In Summerside, the boardwalk along Water Street is also groomed and salted.
There are several free walking groups that use Island Trails, a system of two dozen hiking/cycling trails across the Island maintained by volunteers. Its website lists trail conditions and has handy maps and a list of heritage roads that are also nice for winter recreation.
Several informal hiking groups gather weekly at the parking lot in front of the Charlottetown Indigo bookstore. Wednesdays and Saturdays a group gathers at 8:25 a.m., and Thursdays there is a group hike at Winter River — meet at the trailhead and be ready to leave at 9 a.m. Keep an eye on Island Trails’ Facebook Page.
“It’s a great way to stay active and energized, we like it when it’s cool and crisp, and there are no bugs,” said Bryson Guptill, an avid hiker who’s on the board of Island Trails. “Even when the trail is icy we put grippers on our hiking boots.”
“The weather has to be very bad for us not to go!” he enthused. His top tip: dress in layers so you can peel some off when you get warmed up.
When the snow gets too deep for walking, Guptill said hikers don snowshoes instead.
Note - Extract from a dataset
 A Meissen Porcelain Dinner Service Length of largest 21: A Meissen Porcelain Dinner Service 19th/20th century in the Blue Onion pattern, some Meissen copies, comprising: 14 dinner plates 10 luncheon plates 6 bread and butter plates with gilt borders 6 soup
P.E.I.’s only ski hill is at Brookvale Provincial Park, which features a quad chairlift and ski and snowboard lessons available. Just two minutes down the road, the park maintains an extensive network of groomed cross-country ski trails for all skill levels through beautiful countryside and a cosy nordic lodge to change.
Have your own cross-country skis? Charlottetown maintains groomed ski trails at Victoria Park and Belvedere Golf Course for public use. Ski trail maps are available at the Parks and Recreation Department at City Hall.
In Summerside, Heather Moyse Park and Rotary Friendship park are both groomed for free snowshoeing and cross-country skiing.
The City of Charlottetown offers free snowshoeing in Victoria Park again this winter, snow conditions permitting. There’s a big demand for the free snowshoes, available from 2 to 4 p.m., so get there early.
Summerside also offers free snowshoeing rentals at Credit Union Place — a $10 deposit is refunded when you return them.
Have your own snowshoes? Hit the trails at the P.E.I. National Park, which are not groomed or cleared, but some parking areas are plowed. Find a list of the park’s trails online here. And when the snow gets deep on the Island Trails network, hikers switch to snowshoes. See above for group outings.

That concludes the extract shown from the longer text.